A ripple on water reveals that something disturbed the surface — but not what caused it, or with what force. This gap between observation and origin sits at the center of inverse partial differential equations, the mathematical tools scientists use to work backward from what they can see to what they cannot. Across biology, materials science, and climate modeling, these equations are indispensable. And yet when data grows noisy and the math grows complex, the AI systems built to solve them tend to buckle.

Researchers at the University of Pennsylvania encountered this wall directly. Vivek Shenoy's lab studies chromatin — the folded structures of DNA and protein inside cell nuclei — and could observe how chromatin organized itself but could not reliably infer the chemical processes driving those changes. The bottleneck, the team realized, was not the neural network architecture. It was the differentiation process itself: the way AI systems calculate how things change by tracing backward through their own layers, a method that becomes unstable and memory-hungry as problems grow harder.

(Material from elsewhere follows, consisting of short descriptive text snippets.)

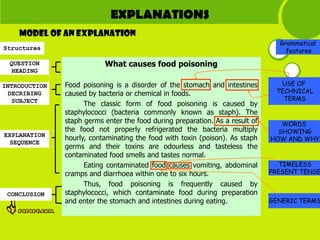 EXPLANATIONS
    MODEL OF AN EXPLANATION
                                                                                 Grammatical
Structures                                                                         features
 QUESTION                  What causes food poisoning
  HEADING

INTRODUCTION   Food poisoning is a disorder of the stomach and intestines        USE OF
  DECRIBING    caused by bacteria or chemical in foods.                         TECHNICAL
   SUBJECT                                                                        TERMS
                     The classic form of food poisoning is caused by
               staphylococci (bacteria commonly known as staph). The
               staph germs enter the food during preparation. As a result of      WORDS
               the food not properly refrigerated the bacteria multiply          SHOWING
EXPLANATION
               hourly, contaminating the food with toxin (poison). As staph    HOW AND WHY
  SEQUENCE
               germs and their toxins are odourless and tasteless the
               contaminated food smells and tastes normal.
                     Eating contaminated food causes vomiting, abdominal          TIMELESS
               cramps and diarrhoea within one to six hours.                   PRESENT TENSE
                     Thus, food poisoning is frequently caused by
 CONCLUSION    staphylococci, which contaminate food during preparation
               and enter the stomach and intestines during eating.             GENERIC TERMS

Their answer came not from building larger models, but from revisiting a mathematical technique developed by Kurt Otto Friedrichs in the 1940s. Mollifiers are smoothing functions — they clean a signal before derivatives are calculated, rather than computing derivatives directly from noisy output. The Penn team embedded this idea into a new layer within physics-informed neural networks, shifting the hardest computational work toward stable analytical operations.

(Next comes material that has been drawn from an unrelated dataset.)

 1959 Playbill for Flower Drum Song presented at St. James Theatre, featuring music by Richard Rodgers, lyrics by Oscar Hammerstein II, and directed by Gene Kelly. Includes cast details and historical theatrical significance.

The performance gains were substantial. On a fourth-order reaction-diffusion problem — among the most demanding benchmarks — training time fell from 3,386 seconds to 335, peak memory dropped from 2.75 gigabytes to 0.23, and parameter recovery accuracy rose from 0.44 to 0.99 correlation. Across all tests, the mollified approach delivered six to ten times better efficiency than standard methods.

For Shenoy's lab, the payoff is immediate: the method can now infer reaction rates from noisy microscopy images of chromatin domains just 100 nanometers across — structures that regulate which genes are active and therefore shape cell identity, aging, and disease. If those reaction rates can be tracked and eventually altered, doctoral candidate Vinayak Vinayak suggests, it may become possible to redirect cells toward healthier states, opening new avenues against cancer and age-related conditions.

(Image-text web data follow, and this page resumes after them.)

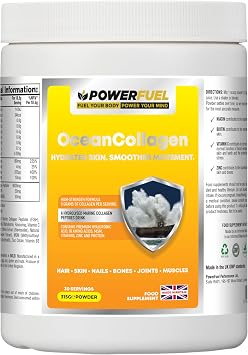 OceanCollagen Marine Collagen Powder | 9000mg Hydrolysed Marine Collagen Peptides Per Serving | Hyaluronic Acid, MSM, Vitamin C, Biotin & Zinc | 315g   30 Serving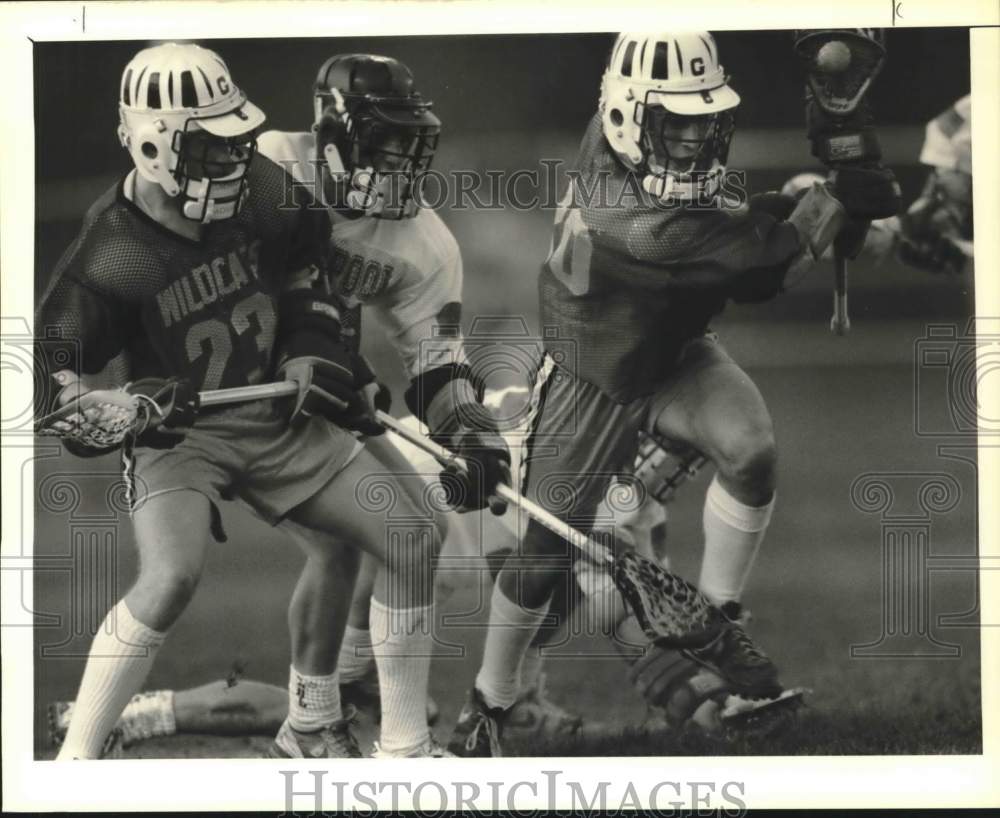 1989 Press Photo West Genesee High School Lacrosse Players at Liverpool Game- Historic Images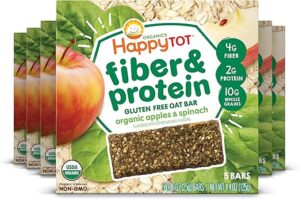 HAPPYTOT Fiber & Protein Oat Bars, Apple Spinach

The technique's implications reach further still — into materials science, fluid mechanics, climate modeling, and anywhere hidden quantities must be estimated from imperfect data. Challenges remain: the approach depends on choosing the right smoothing kernel and currently struggles near boundaries and irregular grids. But the deeper lesson may be the most durable one: in a field defined by the pursuit of scale, the clearest path forward sometimes runs through mathematics that has been waiting, largely forgotten, for decades.

A ripple on water tells you something disturbed the surface, but not what caused it or how hard the impact was. That simple observation sits at the heart of one of science's thorniest mathematical problems: working backward from what you can see to figure out what made it happen.

Researchers across biology, materials science, and climate modeling face this puzzle constantly. They observe a temperature field spreading through a material, watch cellular structures organize themselves, track weather patterns shifting—but the underlying forces and rules remain hidden. For years, scientists have relied on inverse partial differential equations, or inverse PDEs, to bridge that gap. The trouble is that traditional approaches, especially those powered by artificial intelligence, start to fail precisely when the data gets messy and the math gets complicated.

Engineers at the University of Pennsylvania say they have found a cleaner path forward. Their method, called Mollifier Layers, rethinks how AI systems calculate derivatives—the mathematical operation that measures how things change. Instead of chasing the modern trend toward bigger models and more raw computing power, the Penn team dusted off a mathematical technique from the 1940s and adapted it for physics-informed machine learning. The work appears in Transactions on Machine Learning Research and will be presented at NeurIPS 2026.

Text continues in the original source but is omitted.